(Beginning of Data block)
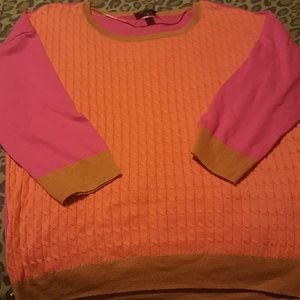 Brand NWOT Colorblock 3/4 Sleeve Sweater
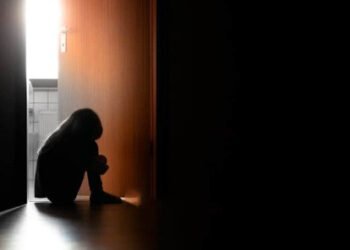 Homem abusa de menina de 10 anos e diz que quer casar com ela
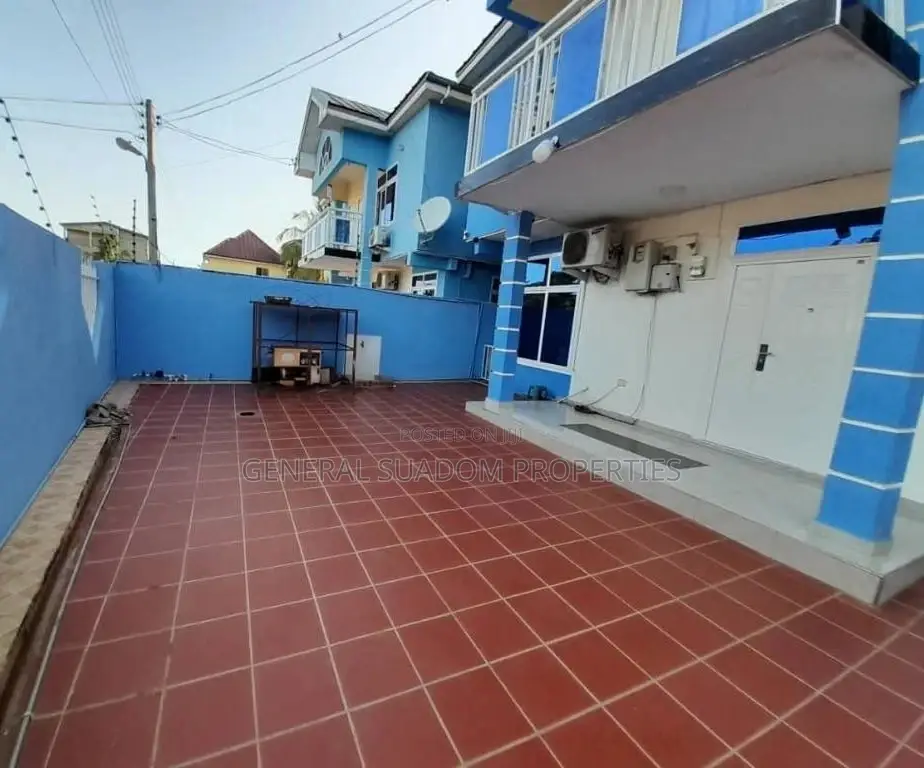 5bdrm Duplex in Suadom Properties, Baatsona Total for Sale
(End of Data block)
• Work instructions: Word-for-word transcription: the whole listing, with images excluded.

• Answer for the task:
 Brand NWOT Colorblock 3/4 Sleeve Sweater
 Homem abusa de menina de 10 anos e diz que quer casar com ela
 5bdrm Duplex in Suadom Properties, Baatsona Total for Sale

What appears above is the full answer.